Cells were harvested by centrifugation (1,500 × g) and the pellet was washed with ice-cold PBS. RNA was isolated from the pellet using an Invitrogen Life Technologies kit (Carlsbad, CA, USA) according to the manufacturer’s instructions. Isolated RNA content was measured using the NanoDrop ND-1000 spectrophotometer (NanoDrop Technologies Inc, Wilmington, DE, USA). Total cellular RNA (2 μg) from each sample was reverse transcribed using cDNA synthesis kit (Takara, Japan). PCR was conducted in a 20 μl reaction mixture consisting of DNA template, 10 pM of each gene-specific primer, 10X Taq buffer, 2.5 mM dNTP mixture and 1 unit of Taq DNA polymerase (Takara). PCR was performed using the specific primer.
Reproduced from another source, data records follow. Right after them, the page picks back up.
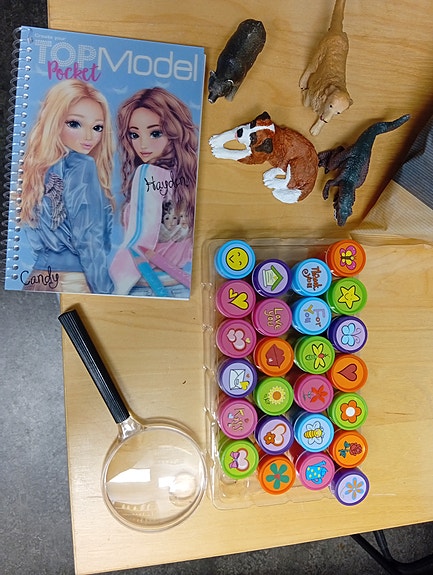 Product image 1 of 2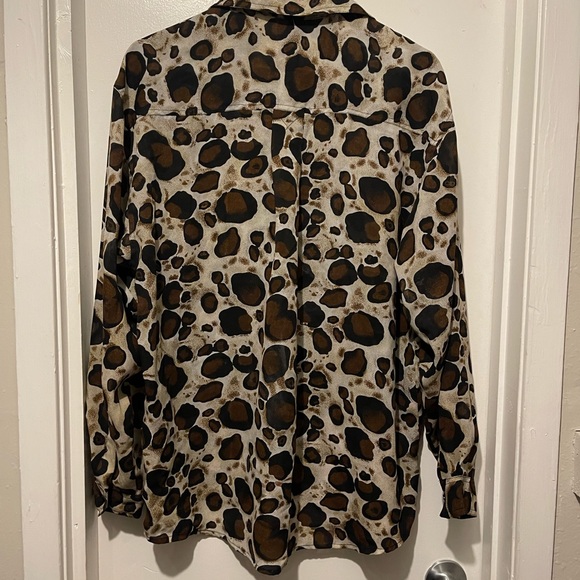 Magic Top Large Buttonfront Semi Sheer - Picture 6 of 6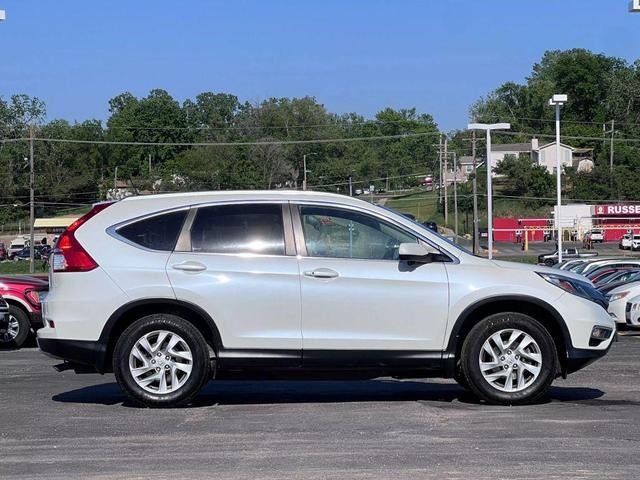 Photo of 2015 White Honda CR-V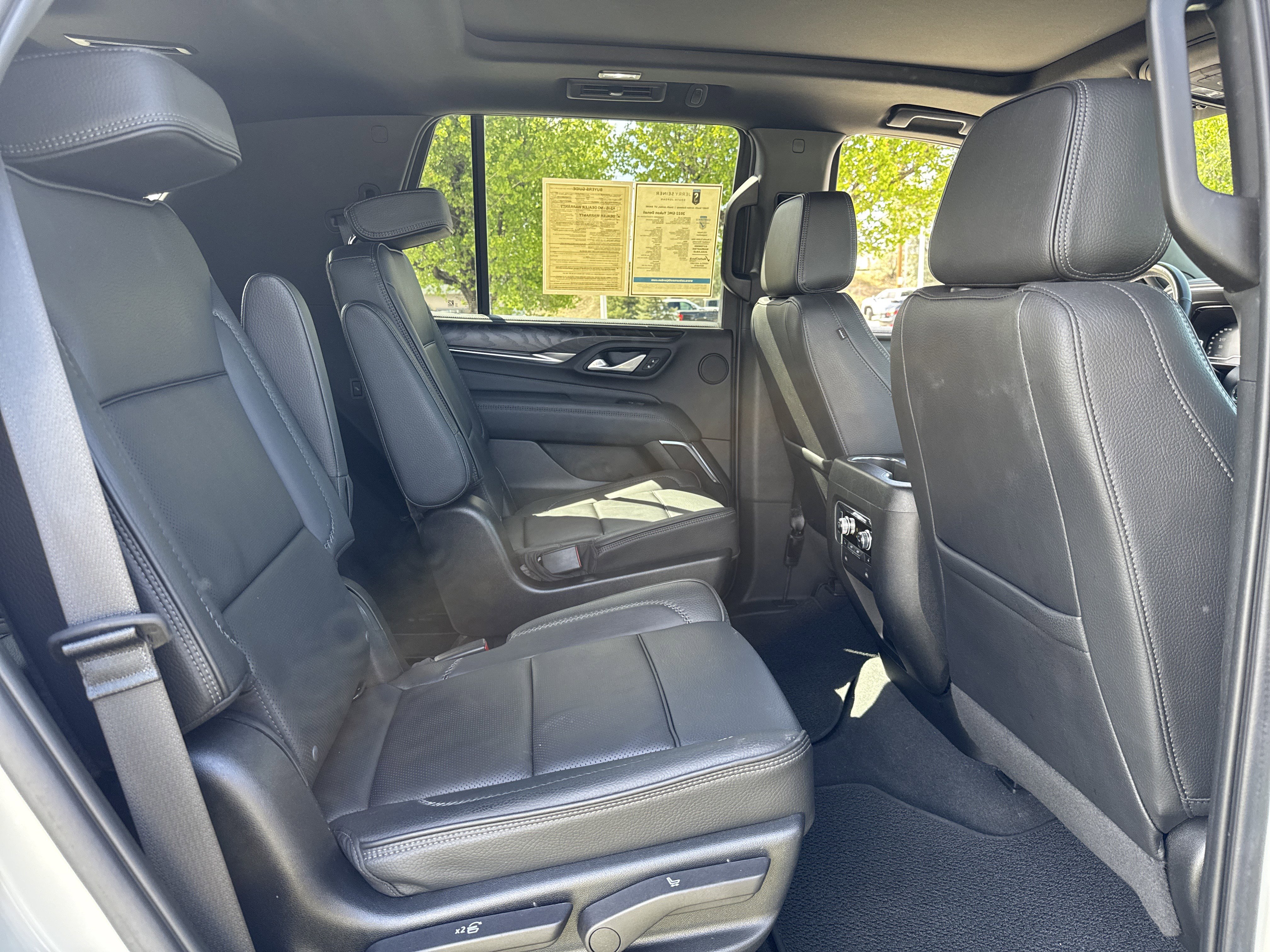 Used 2022 GMC Yukon Denali AWD/4WD image 24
The following primers were used: COX-2 sense, 5′-GGAGAGACTATCAAGATAGT-3′ and antisense, 5′-ATGGTCAGTAGACTTTTACA-3′; iNOS sense, 5′-AATGGCAA CATCAGGTCGGCCATCACT-3′ and antisense, 5′-GCTGTGTGTCACAGAAGTCTCGAACTC-3′; and GAPDH sense, 5′-TGAAGGTCGGTGTGAACGGAT TTGGC-3′ and antisense, 5′-CATGTAGGCCATGAGGTC CACCAC-3′. The sequencing involved 30 cycles with denaturation at 94°C for 45 sec, annealing at 55°C for 45 sec and extension at 72°C for 45 sec. The resulting PCR products were resolved on 1% agarose gels containing ethidium bromide.

Western blot analysis

Cells were lysed in modified RIPA buffer [150 mM NaCl, 1% NP-40, 0.5% deoxycholate, 0.1% SDS, 50 mM Tris (pH 8.0), 1 mM EDTA, 1 mM phenylmethylsulfonyl fluoride (PMSF), 1 mM NaF, 1 mM Na3VO4, and protease inhibitor mixture]. The lysates were cleared by centrifugation at 10,000 × g for 15 min and the supernatants were collected. The protein concentration was quantified using a Bio-Rad Bradford protein assay (Bio-rad, Hercules, CA, USA). Equal amounts of protein lysates were used for western blot analyses with the indicated antibodies (p-AKT, p-ERK, p-JNK, p-p38, p-NFκB, α-tubulin, PARP, Pro-caspase-9, cleaved caspase-3, Bcl-xL, Bcl-2, Bax, LC3). Immunoreactive protein bands were detected with an EZ-Western Detection kit (Daeillab service Co., Ltd., Seoul, Korea).

Statistical analysis

The experiments were performed in triplicate. The data are expressed as the means ± standard deviation (SD). SDs for all measured biological parameters are displayed in the appropriate figures. Student’s t-test was used for single variable comparisons. P<0.05 was considered to indicate a statistically significant difference.

Results

Effects of RVS on cell viability

Anti-proliferative effects of RVS were determined in RAW264.7 mouse macrophage cells using a WST assay (Fig. 1A). Cells were treated with RVS at concentrations between 0 and 1,000 μg/ml and 1 μg/ml LPS for 12 h. LPS alone did not show proliferative activity in RAW264.7 cells. However, RVS significantly inhibited cell proliferation at concentrations between 50 and 1,000 μg/ml, indicating that RVS inhibits the growth of RAW264.7 cells. Cell death rate was determined using a trypan blue assay following RVS treatment (Fig. 1B). At 24 h, RVS significantly decreased the percentage of surviving cells. In addtion, changes in cellular morphology under LPS and RVS treatment were observed (Fig. 1C). Untreated RAW264.7 cells are circular, however, under LPS-stimulated conditions, the cells presented as an irregular shape and became elongated. Microscopic examination of cell cultures showed a reversal of LPS-induced alteration in cell morphology when treated with RVS. Fig. 1D shows the number of cell surface changes under LPS and/or RVS treatment in RAW 264.7 cells. RVS significantly decreased the number of cell surface changes induced by LPS. These results indicate that RVS inhibits the proliferation of RAW264.7 cells and blocks the LPS-induced activation of RAW264.7 cells.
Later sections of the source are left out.